For years Beijing has shielded Islamabad at the United Nations, placing technical holds on the designation of Pakistan-based militants and treating terrorism less as a regional scourge than as a diplomatic inconvenience so long as its immediate interests are not threatened.


China’s engagement with Afghanistan has been narrowly instrumental: containing unrest in Xinjiang, preventing spillover into its western provinces and safeguarding prospective investments. Neither approach has been animated by any serious commitment to a rules-based regional order. Yet both now speak the language of accountability as though it were newly discovered.

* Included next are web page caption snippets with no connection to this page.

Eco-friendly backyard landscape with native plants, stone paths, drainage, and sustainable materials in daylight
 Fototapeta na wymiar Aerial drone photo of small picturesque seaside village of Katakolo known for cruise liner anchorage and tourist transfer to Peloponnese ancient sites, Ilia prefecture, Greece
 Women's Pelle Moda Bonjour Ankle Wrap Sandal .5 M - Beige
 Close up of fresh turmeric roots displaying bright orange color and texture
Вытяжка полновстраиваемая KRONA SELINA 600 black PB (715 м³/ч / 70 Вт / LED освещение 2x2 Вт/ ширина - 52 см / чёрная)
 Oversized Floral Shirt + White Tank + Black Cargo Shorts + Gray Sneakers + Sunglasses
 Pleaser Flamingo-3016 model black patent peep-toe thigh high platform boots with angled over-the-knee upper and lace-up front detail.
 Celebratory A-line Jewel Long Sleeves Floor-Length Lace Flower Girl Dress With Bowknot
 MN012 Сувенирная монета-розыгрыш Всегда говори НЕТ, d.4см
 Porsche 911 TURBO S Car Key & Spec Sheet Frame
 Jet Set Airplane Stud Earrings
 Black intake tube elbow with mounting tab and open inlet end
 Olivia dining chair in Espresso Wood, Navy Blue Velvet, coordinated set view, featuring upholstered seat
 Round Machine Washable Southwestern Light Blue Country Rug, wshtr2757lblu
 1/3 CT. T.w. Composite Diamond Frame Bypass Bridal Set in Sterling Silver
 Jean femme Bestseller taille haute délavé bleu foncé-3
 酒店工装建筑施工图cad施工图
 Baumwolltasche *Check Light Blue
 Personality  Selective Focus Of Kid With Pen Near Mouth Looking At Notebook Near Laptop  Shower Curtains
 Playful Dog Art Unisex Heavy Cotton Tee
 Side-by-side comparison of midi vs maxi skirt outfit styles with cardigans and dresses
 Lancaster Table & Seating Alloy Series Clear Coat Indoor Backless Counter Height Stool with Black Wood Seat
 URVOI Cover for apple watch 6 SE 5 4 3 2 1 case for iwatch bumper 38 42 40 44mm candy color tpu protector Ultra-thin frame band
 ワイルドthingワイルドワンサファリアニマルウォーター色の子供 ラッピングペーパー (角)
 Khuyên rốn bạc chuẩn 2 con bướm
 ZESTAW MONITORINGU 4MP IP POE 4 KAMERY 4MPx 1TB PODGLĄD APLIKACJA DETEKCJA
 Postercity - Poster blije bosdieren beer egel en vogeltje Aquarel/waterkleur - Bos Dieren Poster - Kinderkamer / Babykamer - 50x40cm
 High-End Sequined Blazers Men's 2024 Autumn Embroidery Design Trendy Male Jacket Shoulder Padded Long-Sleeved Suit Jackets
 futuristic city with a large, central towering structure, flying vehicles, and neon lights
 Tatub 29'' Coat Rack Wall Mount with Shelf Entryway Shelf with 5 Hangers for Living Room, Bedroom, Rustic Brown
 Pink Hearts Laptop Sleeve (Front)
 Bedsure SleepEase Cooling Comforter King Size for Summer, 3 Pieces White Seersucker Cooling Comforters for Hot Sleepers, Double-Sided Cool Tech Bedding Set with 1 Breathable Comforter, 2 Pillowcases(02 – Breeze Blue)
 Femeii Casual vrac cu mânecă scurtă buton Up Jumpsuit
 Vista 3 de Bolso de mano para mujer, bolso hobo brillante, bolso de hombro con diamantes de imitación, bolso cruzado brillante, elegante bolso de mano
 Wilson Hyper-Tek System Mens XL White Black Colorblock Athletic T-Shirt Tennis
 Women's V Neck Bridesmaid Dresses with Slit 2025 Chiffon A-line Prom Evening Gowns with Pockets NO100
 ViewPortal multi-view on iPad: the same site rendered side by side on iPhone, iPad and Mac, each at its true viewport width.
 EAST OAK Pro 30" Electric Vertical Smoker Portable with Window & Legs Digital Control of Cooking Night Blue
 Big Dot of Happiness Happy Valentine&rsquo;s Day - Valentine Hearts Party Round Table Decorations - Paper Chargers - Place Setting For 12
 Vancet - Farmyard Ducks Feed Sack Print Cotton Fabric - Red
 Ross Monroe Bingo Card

The subtext of the communiqué is strategic insecurity. China bristles at a Quad that complicates its maritime ambitions and legitimises balancing behaviour across the Indo-Pacific. Pakistan, accustomed to defining itself in opposition to India, resents a neighbour whose partnerships amplify its influence far beyond South Asia and steadily erode Islamabad’s claim to strategic relevance. Together, they cloak their unease in the rhetoric of multilateralism, hoping to recast voluntary alignment as aggression and defensive cooperation as conspiracy.


India’s partnerships, by contrast, are neither coerced nor clandestine. They are transparent, issue-based and welcomed by countries that have learned, often the hard way, the costs of Chinese assertiveness and Pakistani adventurism. Beijing and Islamabad will continue to describe their relationship as “ironclad” and to set ever-new goals for their “all-weather” partnership. In Asia’s crowded theatre, hypocrisy is common. But rarely has it been so meticulously rehearsed or so conspicuously on display.